▶ [ASSIGNMENT]: From the data below, return all lines holding the string "Baby".

+++

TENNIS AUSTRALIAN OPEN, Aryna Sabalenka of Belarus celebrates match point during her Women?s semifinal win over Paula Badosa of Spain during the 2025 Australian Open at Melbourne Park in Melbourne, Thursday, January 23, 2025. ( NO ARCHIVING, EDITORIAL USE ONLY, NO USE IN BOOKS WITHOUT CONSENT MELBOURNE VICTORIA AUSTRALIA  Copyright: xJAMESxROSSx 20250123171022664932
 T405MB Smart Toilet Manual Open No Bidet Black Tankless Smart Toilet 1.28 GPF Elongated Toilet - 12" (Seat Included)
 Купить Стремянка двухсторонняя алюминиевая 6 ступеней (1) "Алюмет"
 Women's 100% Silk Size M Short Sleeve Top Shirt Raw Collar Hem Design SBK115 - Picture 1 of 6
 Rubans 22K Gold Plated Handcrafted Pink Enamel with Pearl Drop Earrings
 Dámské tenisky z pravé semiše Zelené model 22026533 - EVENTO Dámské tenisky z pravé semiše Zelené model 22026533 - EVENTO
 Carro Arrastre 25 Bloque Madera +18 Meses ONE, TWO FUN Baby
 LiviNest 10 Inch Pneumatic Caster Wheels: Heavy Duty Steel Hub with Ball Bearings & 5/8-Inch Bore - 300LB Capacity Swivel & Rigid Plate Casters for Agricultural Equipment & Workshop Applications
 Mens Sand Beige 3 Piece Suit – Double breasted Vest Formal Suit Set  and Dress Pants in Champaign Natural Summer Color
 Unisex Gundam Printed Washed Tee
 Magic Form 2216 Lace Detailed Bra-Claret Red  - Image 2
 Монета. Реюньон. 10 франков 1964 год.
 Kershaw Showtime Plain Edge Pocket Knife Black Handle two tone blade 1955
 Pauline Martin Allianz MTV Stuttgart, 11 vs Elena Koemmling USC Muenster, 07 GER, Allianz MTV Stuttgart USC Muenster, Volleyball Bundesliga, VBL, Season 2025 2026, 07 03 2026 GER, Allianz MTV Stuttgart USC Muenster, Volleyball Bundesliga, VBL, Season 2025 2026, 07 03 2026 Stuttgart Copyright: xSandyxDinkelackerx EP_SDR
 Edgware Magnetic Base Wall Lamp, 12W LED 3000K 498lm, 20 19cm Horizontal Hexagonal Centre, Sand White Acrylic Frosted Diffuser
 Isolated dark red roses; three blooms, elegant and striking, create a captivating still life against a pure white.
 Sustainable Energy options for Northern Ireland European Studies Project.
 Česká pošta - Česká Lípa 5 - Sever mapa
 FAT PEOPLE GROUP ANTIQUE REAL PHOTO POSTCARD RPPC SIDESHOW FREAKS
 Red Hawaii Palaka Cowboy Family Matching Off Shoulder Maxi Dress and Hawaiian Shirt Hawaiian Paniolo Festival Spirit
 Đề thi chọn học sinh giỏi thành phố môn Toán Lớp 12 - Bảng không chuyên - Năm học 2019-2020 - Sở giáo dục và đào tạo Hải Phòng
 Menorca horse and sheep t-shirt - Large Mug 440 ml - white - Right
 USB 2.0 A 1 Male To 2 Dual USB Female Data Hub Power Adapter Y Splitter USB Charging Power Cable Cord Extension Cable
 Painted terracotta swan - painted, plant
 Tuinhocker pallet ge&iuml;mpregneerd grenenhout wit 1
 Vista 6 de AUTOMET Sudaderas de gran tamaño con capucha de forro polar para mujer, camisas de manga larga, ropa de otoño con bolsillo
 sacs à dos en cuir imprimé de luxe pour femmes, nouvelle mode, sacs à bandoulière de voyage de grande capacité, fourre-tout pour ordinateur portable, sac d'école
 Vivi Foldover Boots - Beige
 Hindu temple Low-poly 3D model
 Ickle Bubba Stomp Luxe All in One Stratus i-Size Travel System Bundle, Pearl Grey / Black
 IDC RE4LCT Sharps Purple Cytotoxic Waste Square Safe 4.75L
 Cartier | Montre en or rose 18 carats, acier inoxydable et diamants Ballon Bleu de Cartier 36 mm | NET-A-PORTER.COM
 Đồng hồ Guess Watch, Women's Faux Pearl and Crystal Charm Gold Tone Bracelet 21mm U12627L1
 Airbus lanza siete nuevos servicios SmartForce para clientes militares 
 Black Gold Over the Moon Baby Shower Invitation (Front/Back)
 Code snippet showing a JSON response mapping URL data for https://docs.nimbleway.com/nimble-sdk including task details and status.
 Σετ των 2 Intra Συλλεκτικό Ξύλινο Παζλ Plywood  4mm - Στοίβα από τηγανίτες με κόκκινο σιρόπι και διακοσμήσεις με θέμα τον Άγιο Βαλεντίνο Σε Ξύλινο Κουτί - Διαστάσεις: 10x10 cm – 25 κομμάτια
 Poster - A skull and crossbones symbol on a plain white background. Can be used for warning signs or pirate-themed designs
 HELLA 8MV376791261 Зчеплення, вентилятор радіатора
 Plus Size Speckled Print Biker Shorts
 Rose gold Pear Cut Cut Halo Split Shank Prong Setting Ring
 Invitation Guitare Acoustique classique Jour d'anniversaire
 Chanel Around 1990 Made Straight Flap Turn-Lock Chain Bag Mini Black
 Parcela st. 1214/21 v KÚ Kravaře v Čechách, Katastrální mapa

+++

▶ [TASK ANSWER]:
 Carro Arrastre 25 Bloque Madera +18 Meses ONE, TWO FUN Baby
 Black Gold Over the Moon Baby Shower Invitation (Front/Back)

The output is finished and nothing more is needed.